12:08 East of Bucharest | |
Native Name: | |
Director: | Corneliu Porumboiu |
Producer: | Corneliu Porumboiu Daniel Burlac |
Starring: | Mircea Andreescu Teodor Corban Ion Sapdaru |
Music: | Rotaria |
Cinematography: | George Dăscălescu |
Editing: | Roxana Szel |
Distributor: | Tartan USA |
Runtime: | 89 minutes |
Country: | Romania |
Language: | Romanian |
Gross: | $523,703[1] |
12:08 East of Bucharest (Romanian; Moldavian; Moldovan: A fost sau n-a fost?;) is a 2006 Romanian film directed by Corneliu Porumboiu, released in 2006 and winner of the Caméra d'Or Prize (for best first film) at the Cannes Film Festival.[2] It was also released in the United States under the abridged titles East of Bucharest and 12:08 Bucharest. The film is set in a small Moldovan town far away from the capital city of Bucharest, and centers on a group of characters who revisit the Romanian Revolution of 1989 which brought an end to the communist regime.
The full English title refers to the setting of the film and the time of day at which Romanian dictator Nicolae Ceaușescu fled following the revolution, 12:08 pm on 22 December 1989. The original Romanian title roughly translates to "Was it, or was it not?", referring to the film's central issue: did Vaslui have any part in the 1989 revolution? The answer depends on whether the city registered any protest before the moment of Ceaușescu's flight.

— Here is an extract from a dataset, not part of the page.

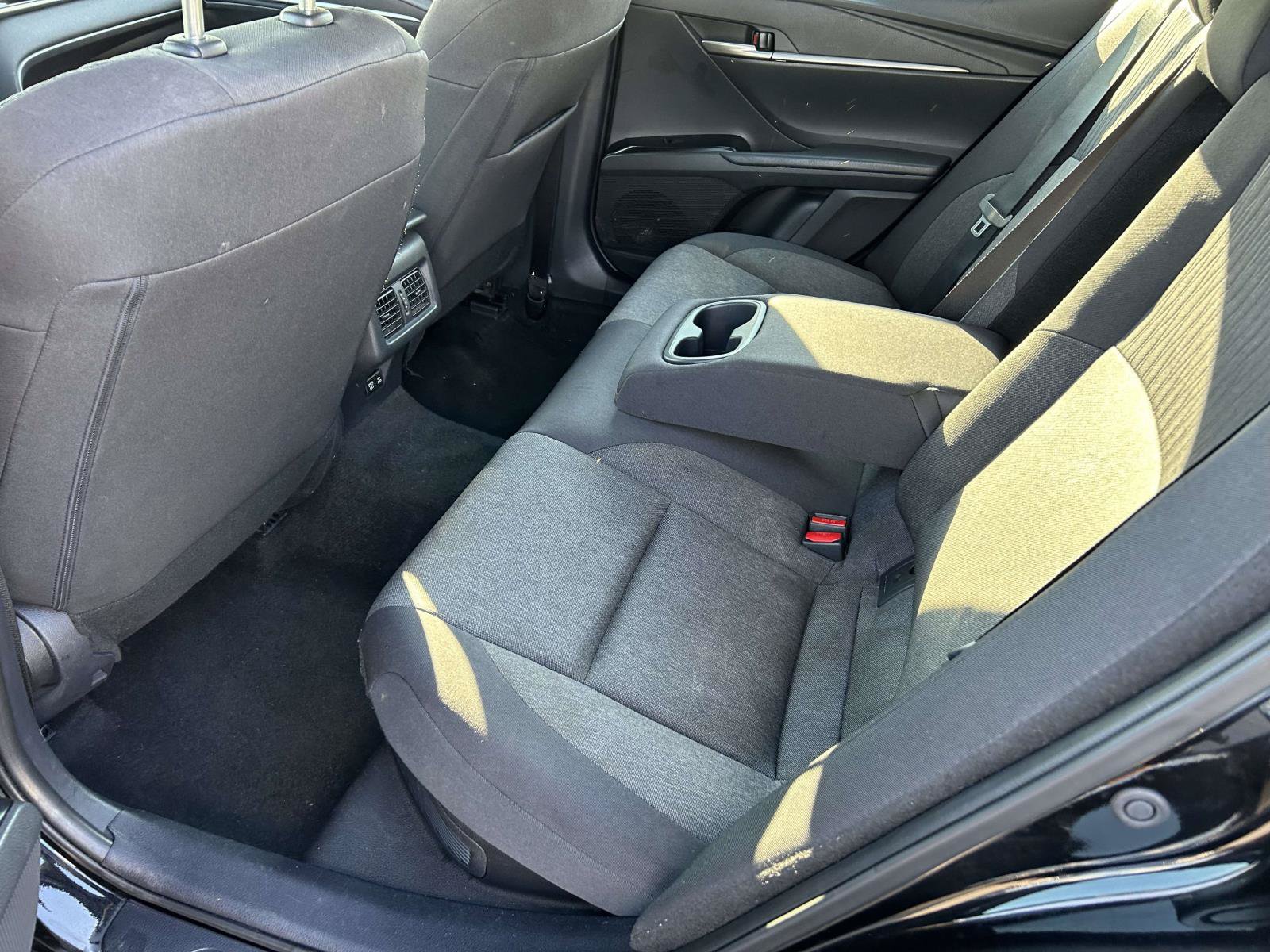 Used 2025 Toyota Camry LE FWD image 19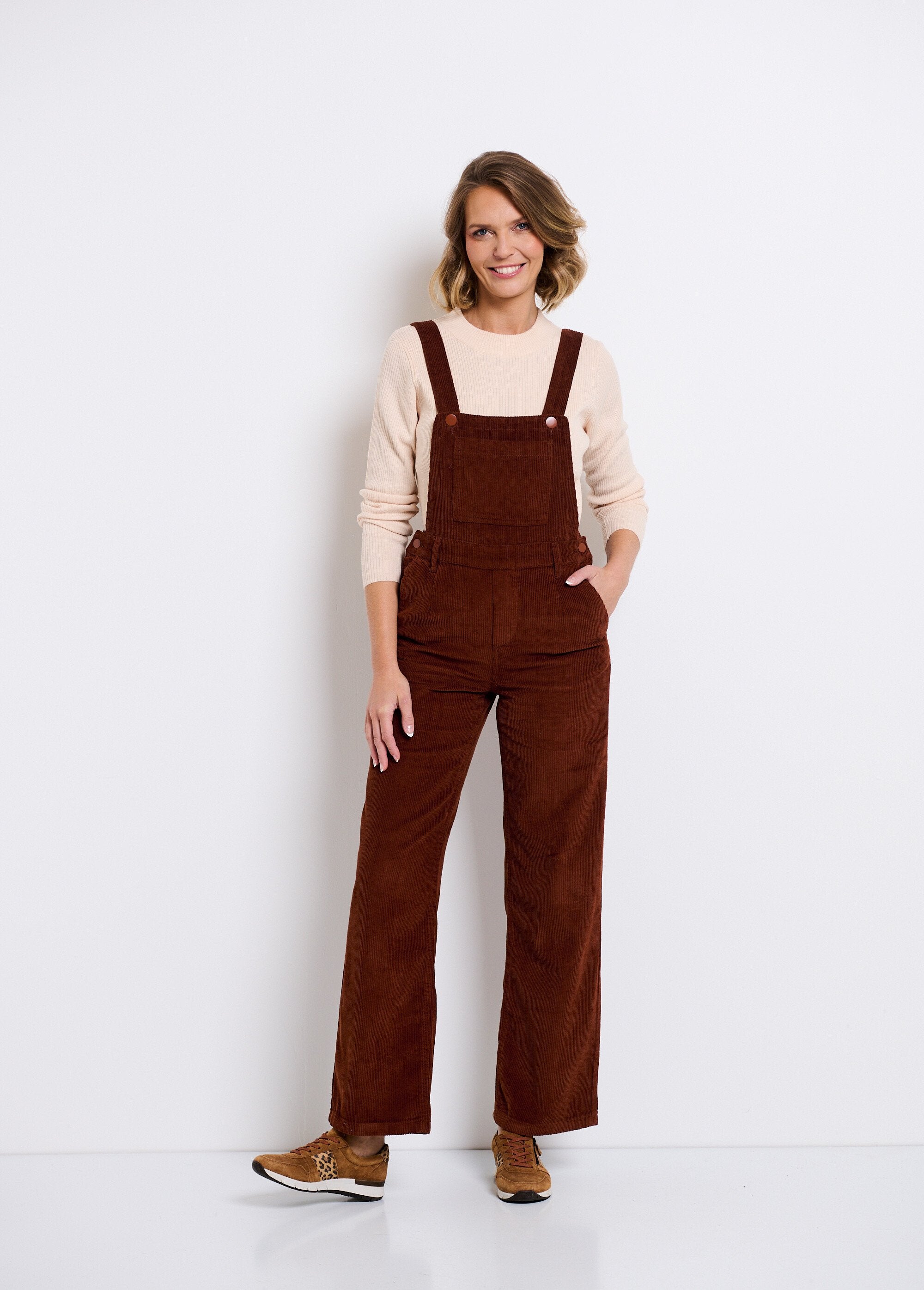 Peto_de_terciopelo_de_moda_Marron_SF1_slim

Vaslui, Romania: Eastern. A few years after the fall of the Communist regime, some inhabitants of a city discuss how to celebrate the anniversary of the event. They then decide to organize a television broadcast on a local broadcaster and make a celebratory talk show, involving people by telephone.
So Virgil Jderescu, director of the local television station, really wants to organize a live talk show to answer a simple question: has there really been a revolution in this city? Did people take to the streets before or after Ceausescu's escape and therefore the fall? Because if they took to the streets later, then it is not about the Revolution but about simple celebrations.
But the two expected guests decline the commitment, perhaps because the topic is more thorny than Jderescu thinks. But he manages to overcome those absences and invites two other people. The first is Tiberiu Manescu, a drunkard and penniless professor who has always boasted that he was the first in town to challenge the men of the dictator. The other guest is Emanoil Piscoci, a rigorous and paranoid old man who at that time used to dress up as Santa Claus for children.
The broadcast begins and Professor Manescu proudly exposes his experience as a revolutionary, but immediately two viewers call live denying his presence in the square that day and accusing him of speaking under the influence of alcohol, without however having evidence that Manescu really lies. The calm confrontation begins to become embarrassing when Manescu, unnerved, begins to blurt out the flaws of some local "notables", including the same editor / presenter Virgil Jderescu who apparently is not a journalist but a textile engineer on loan to television. The talk-show, initially feel-good and formal, takes a grotesque and scurrile turn, given that even the elderly Piscoci, hitherto silent, pretends to be a "philosopher" of the situation and begins to say nonsense in bursts.
The American review aggregator Rotten Tomatoes reported that 96% of critics gave the film positive reviews, based on 47 reviews with an average rating of 7.79/10. The website's critics consensus reads: "With a witty script full of satirical overtones and dry humor, 12:08 East of Bucharest is a thoroughly enjoyable Romanian comedy."[3] Metacritic reported the film had an average score of 77 out of 100, based on 15 reviews.[4]
The film has garnered positive press in the United States; J. Hoberman of The Village Voice called it, "a casually bleak and neatly structured ensemble comedy—at once deadpan and bemused."[5] Noel Murray of The A.V. Club said "the story and the situation are slight, but in the best possible way."[6] Richard Brody of The New Yorker called it a "wise and gentle comedy of political realism." Wendy Ide of The Times described the film as "one of the best of the new wave of Romanian cinema" and "a droll delight that questions the nature of historical record and the realities of postcommunist Romania with a slyly comic and disarmingly self-mocking tone."[7] It also received 4 stars out of 4 from the New York Post.
V.A. Musetto of the New York Post named 12:08 East of Bucharest the best film of 2007.[8] A. O. Scott of The New York Times named it the 6th best film of 2007 (along with Live-In Maid).[8]